Euro zone “break up” trades as a top investment play for 2017 hardly seemed outlandish a year ago.
Brexit, fears of contagion from the near-collapse of Italy’s oldest bank, and anxiety about a surge in populist anti-euro sentiment in a year packed with elections turned investors decidedly negative on the bloc’s prospects.
But a dramatic swing in fortunes instead brought the fastest growth rate since the height of the sovereign debt crisis six years ago. Fears of anti-euro victories in French, German and Dutch elections proved wide of the mark, although inroads were made.
The brighter outlook and more stable politics has meantime allowed the European Central Bank to take its first gradual steps towards exiting the extraordinary monetary stimulus in place since 2015.
With the recovery even gaining its own Twitter hashtag — #Euroboom” — this set of graphics highlights the turnaround.
Third quarter figures released last week showed the euro zone hit its fastest growth rate since 2011, when the euro-crisis escalated and dented growth. That run also puts it in the top third of fastest growing quarters the bloc has posted since the birth of the single currency in 1999. A report by ratings firm S&P Global suggests the recovery will remain broad-based.

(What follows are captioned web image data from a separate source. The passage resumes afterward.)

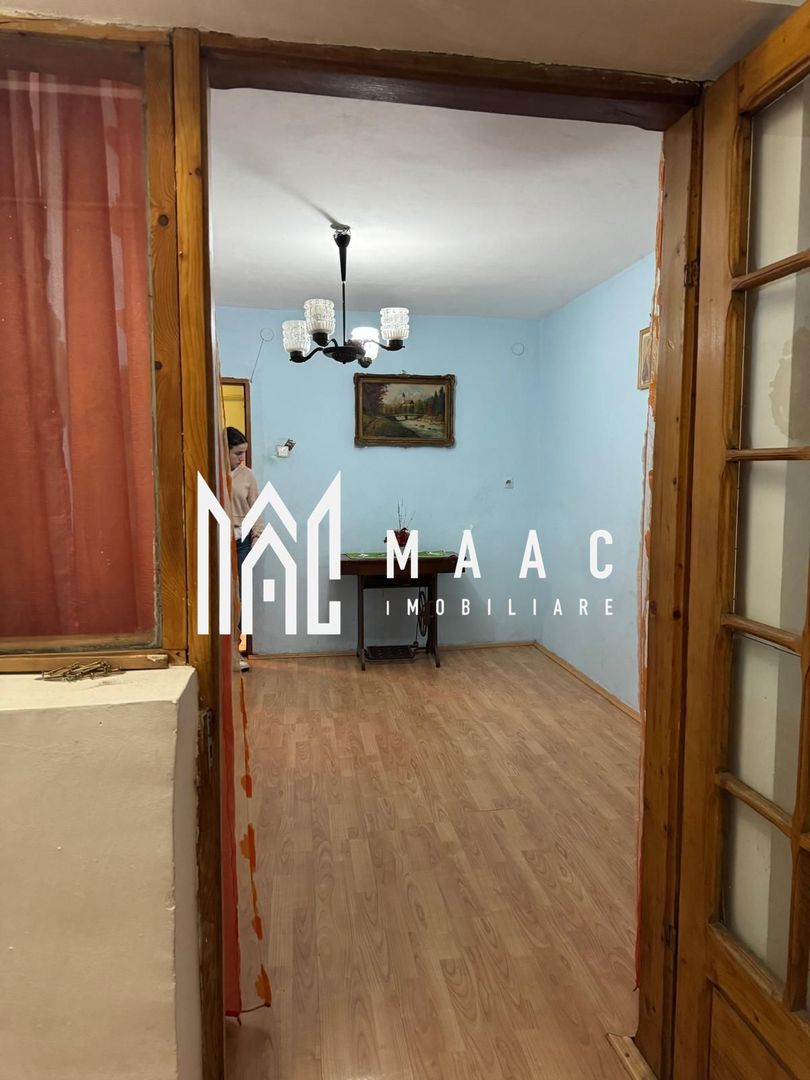 Apartament 2 camere | etaj 3 | Nord | 44 mp | - Poză 2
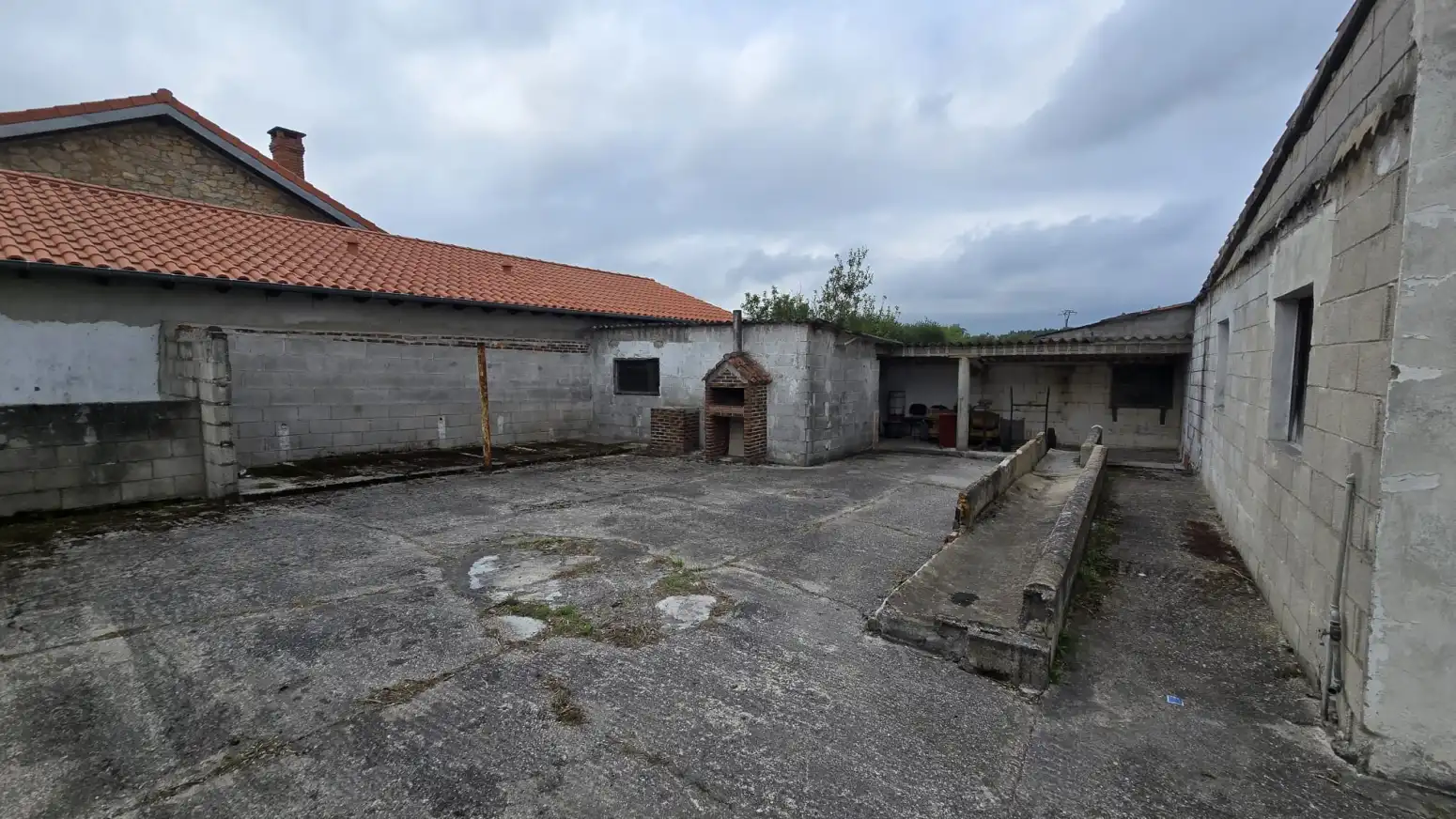 Maison avec jardin à vendre à Cortiguera - CL MAYOR 26, imagen 2
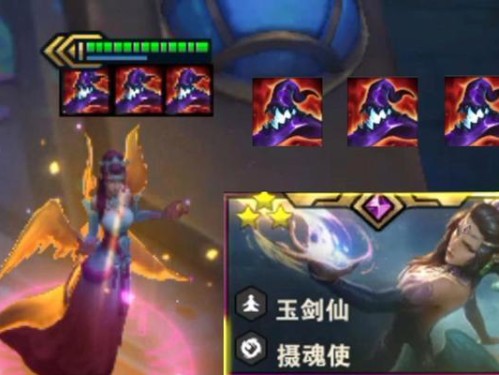 莫甘娜手游辅助攻略（打造最强莫甘娜辅助，装备搭配要领一览无余）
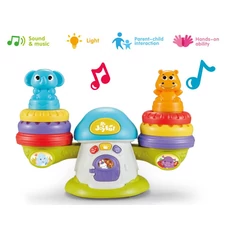 BABY TOYS, 2 MIXED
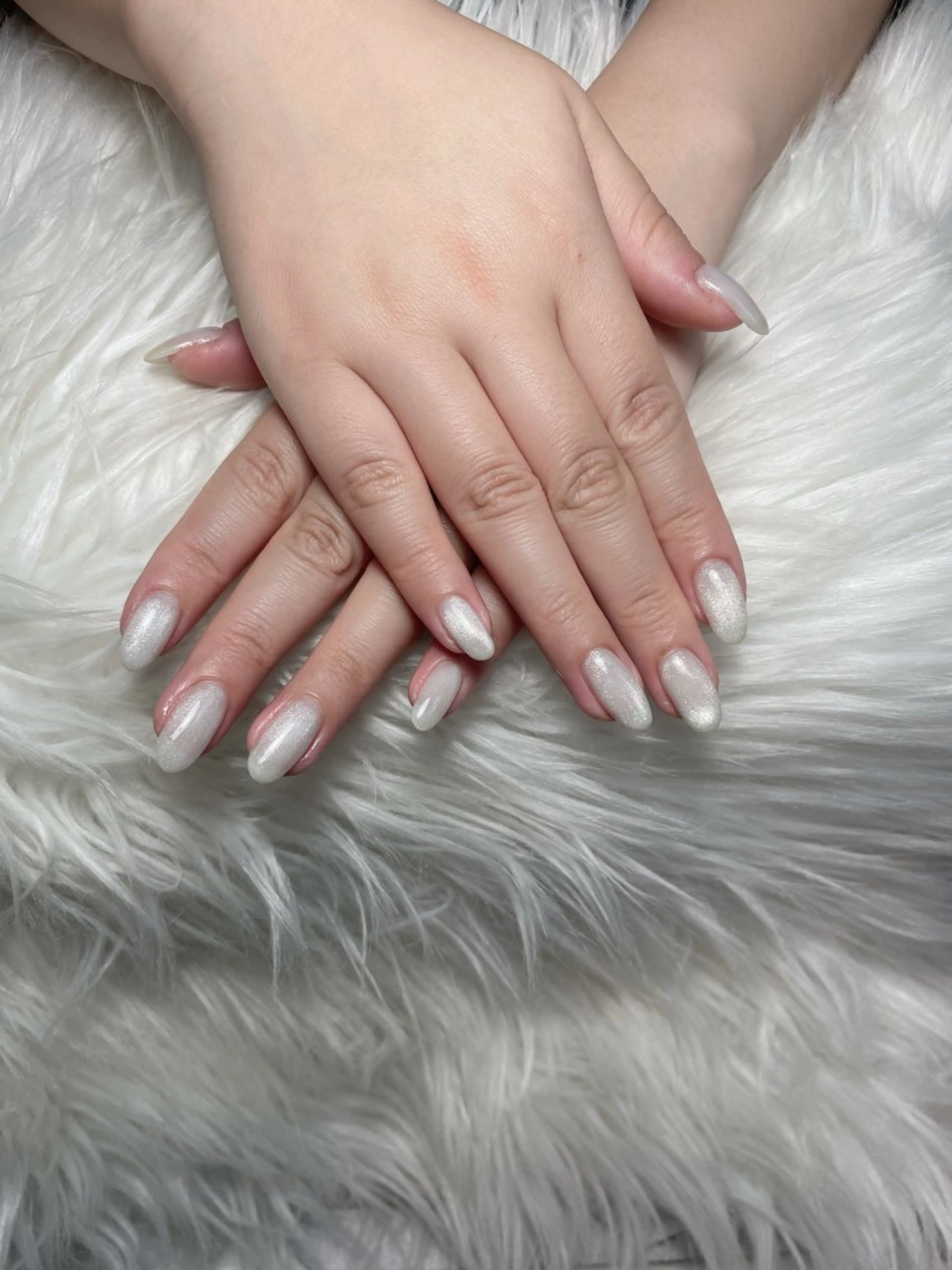 ネイル Eclat登戸店 サリナのネイルデザイン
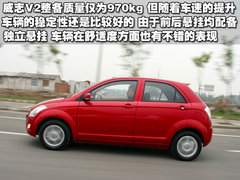 2010款 1.3L AMT 旗舰型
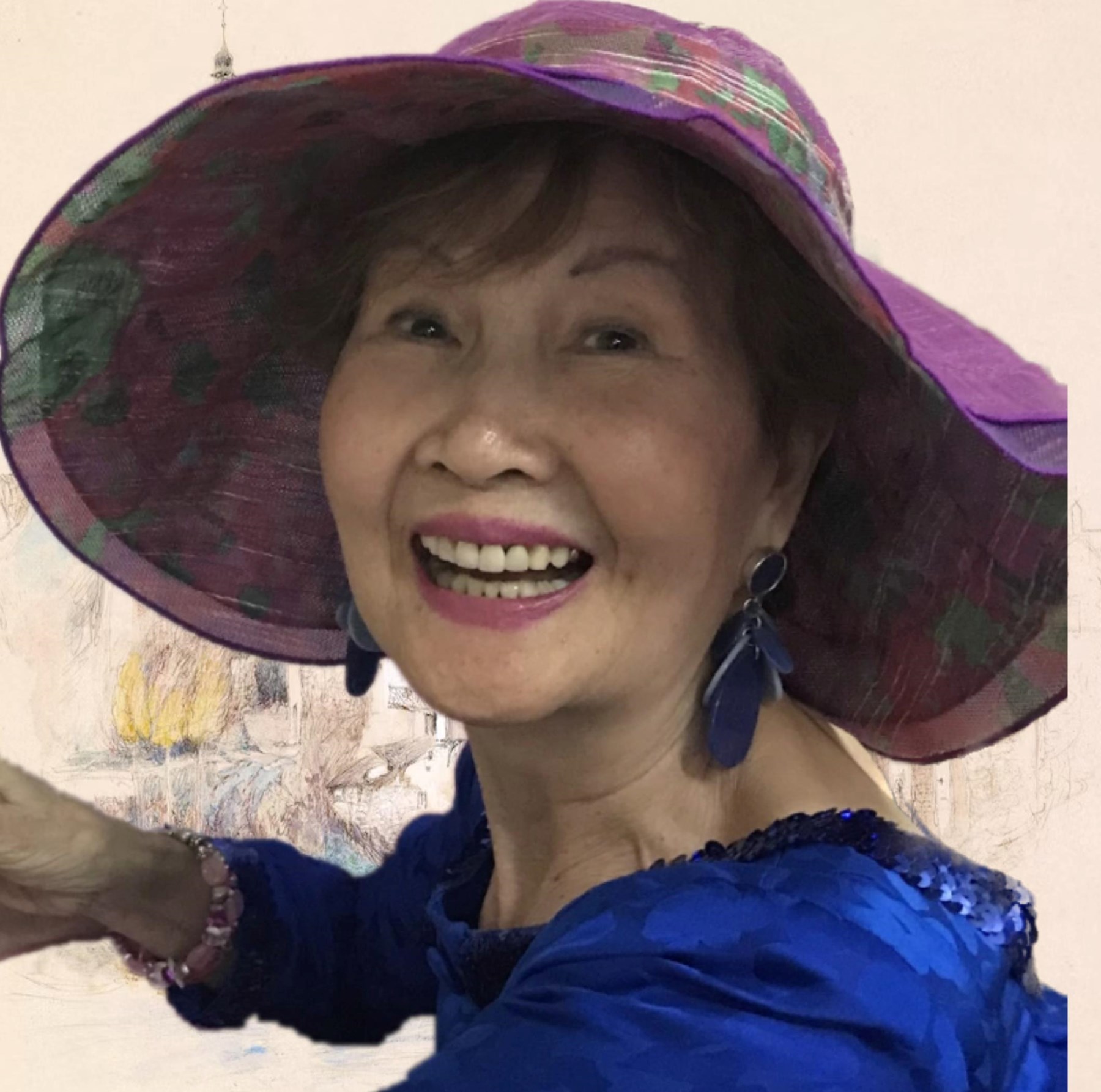 Obituary of Insung Shin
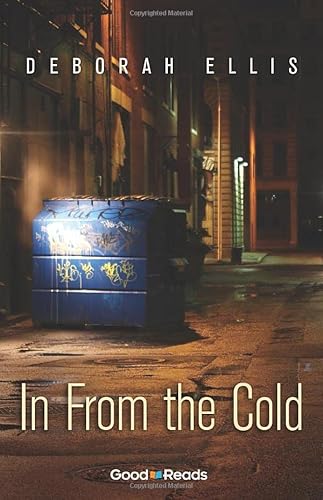 Stock image for In From the Cold for sale by SecondSale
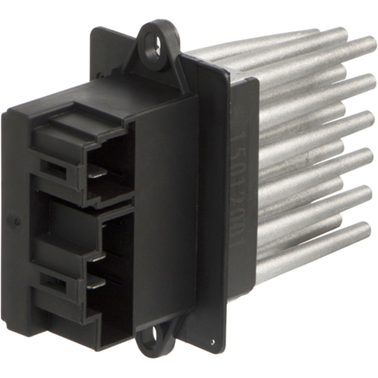 BLOWER RESISTOR
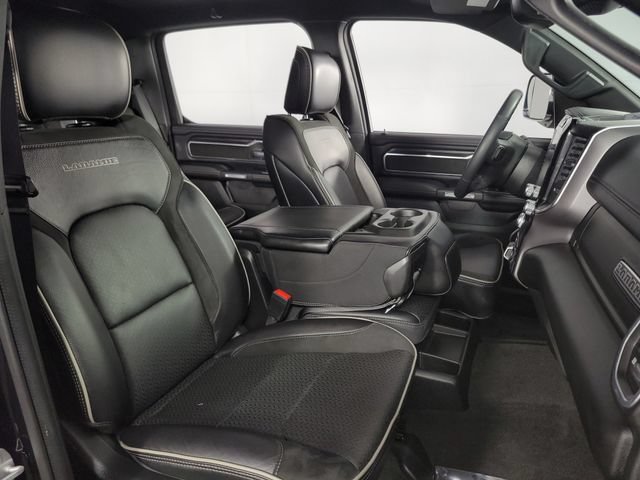 Used 2023 RAM 1500 Laramie AWD/4WD image 16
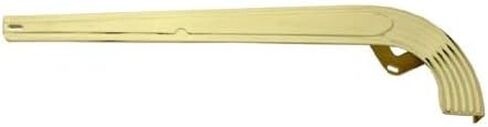 Lowrider Chain Guard 20" W/Line Gold. Bicycle Part, Bike Part, Chain Guard for 20" Bike in Saudi Arabia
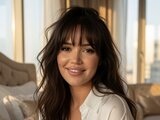 Amateur private JodieBanderas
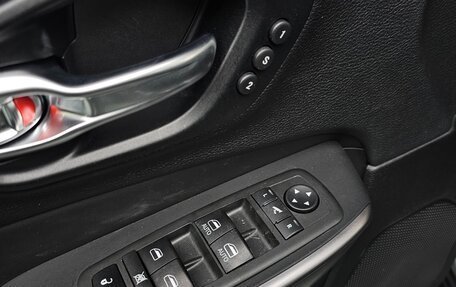 Jeep Cherokee, 2022 год, 2 510 090 рублей, 13 фотография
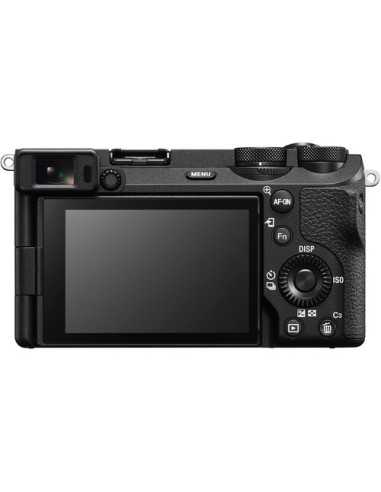 Sony a6700 Mirrorless Camera | Camtools UAE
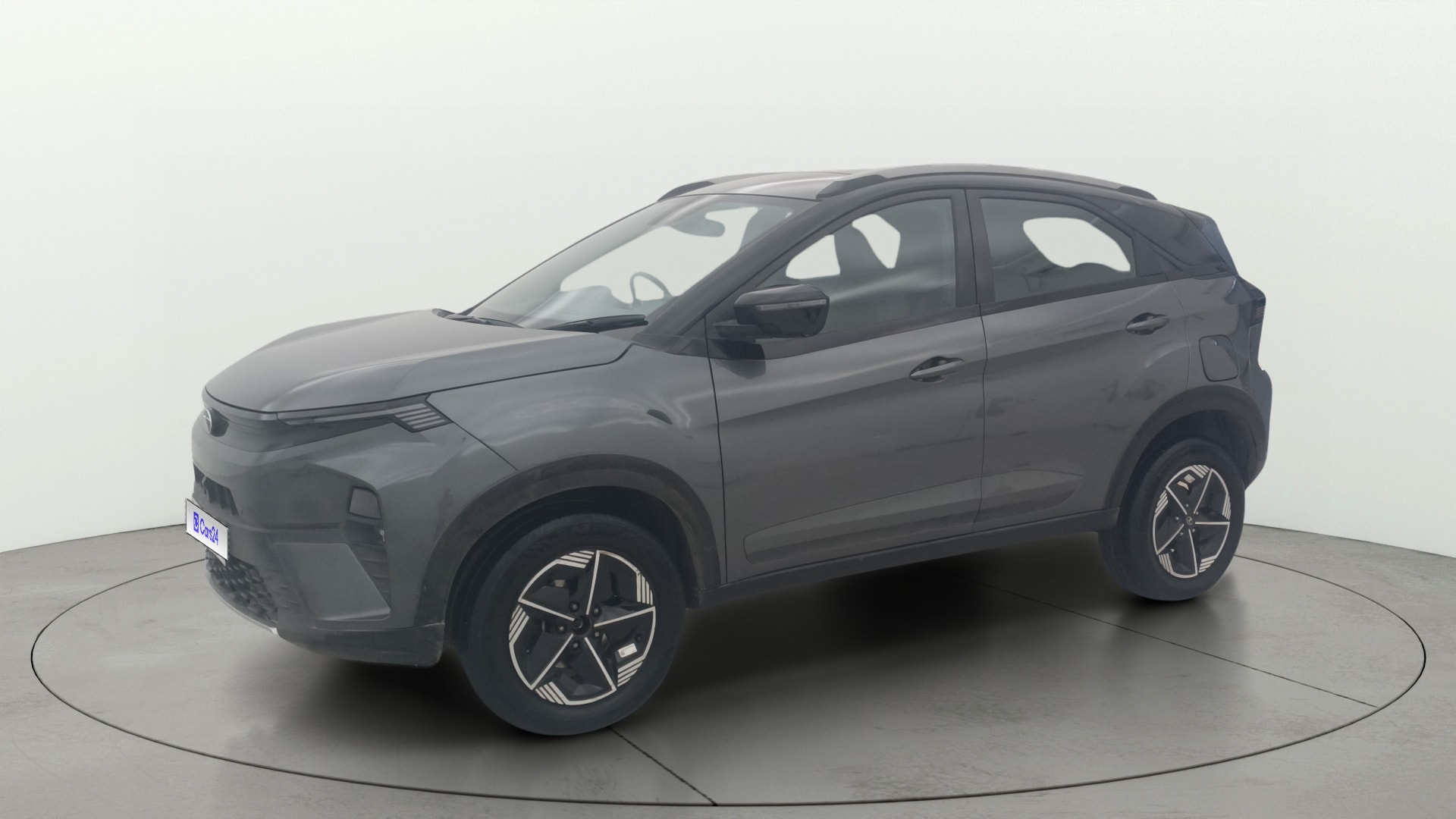 View 2023 Tata Nexon Revotron XE Image 37 Used 2023 Tata Nexon Revotron XE Image 37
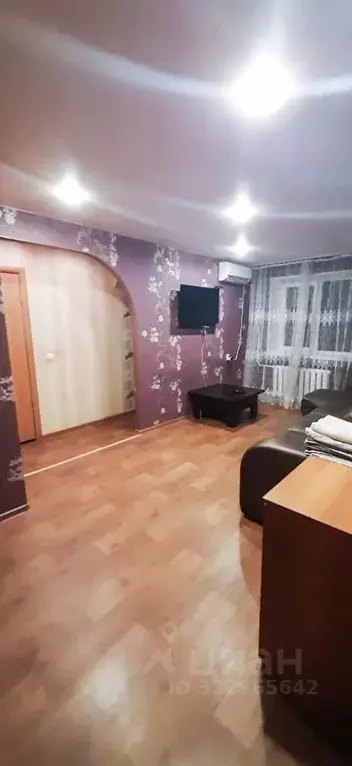 3-к кв. Волгоградская область, Волгоград просп. Имени В.И. Ленина, ... - Фото 1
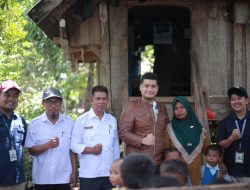 𝐏𝐞𝐦𝐝𝐚 𝐁𝐮𝐭𝐨𝐧 𝐃𝐚𝐩𝐚𝐭 𝐁𝐚𝐧𝐭𝐮𝐚𝐧 𝐓𝐉𝐒𝐋, 𝟑𝟖 𝐑𝐮𝐦𝐚𝐡 Bakal Dibenahi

SENTIMENT SURGE Investor and economic sentiment in the euro zone is close to record highs. Sentix’s index of investor morale is at its highest level in 10 years. The European Commission’s measure of economic sentiment for October hit its highest levels since the dot-com bubble in 2001, shrugging off jitters about an independence bid in the wealthy Spanish region of Catalonia.
Ratings agency Fitch’s outlook balance for the euro zone is at its highest since July 2005. The outlook balance is the difference between the total of the positive and negative outlooks on each country.
S&P Global unexpectedly lifted Italy’s sovereign rating last month, the first such rise for the country by the firm in at least three decades. In September, S&P became the first of the big three ratings agencies to lift Portugal back to investment grade.
The pan-European STOXX 600 index has risen to two-year highs as strong corporate earnings accompany the economic recovery. Overall 66 percent of companies in the MSCI Europe index have beaten or met earnings expectations for the third quarter of 2017, underpinning regional indexes’ gains.
A surging euro also reflects improved sentiment towards the currency bloc. The single currency is up almost 12 percent against the dollar this year, which puts it on track for its biggest annual rise since 2007.
The borrowing costs of those countries bailed out during the euro zone debt crisis continue to fall as investors regain confidence in the growth that reforms have produced. TIGHTER LABOUR MARKETS
Faster euro zone growth helped push unemployment to its lowest level in nine years in October, despite soft inflation. Wages also grew at their fastest rate in two years in the second quarter of 2017, an encouraging sign for the ECB looking to wind down monetary stimulus.
While still high, the number of non-performing loans in proportion to output in the euro area has halved since the peak of the crisis. Lending growth to both households and businesses is on the rise, with loans to households growing at their highest rate since June 2011.
Efforts to address weakness in Italy’s banking system have helped banking stocks in the country rise over 20 percent this year. The Bank of Italy said last month that insolvent loans held by Italian banks fell to a three-year low in August.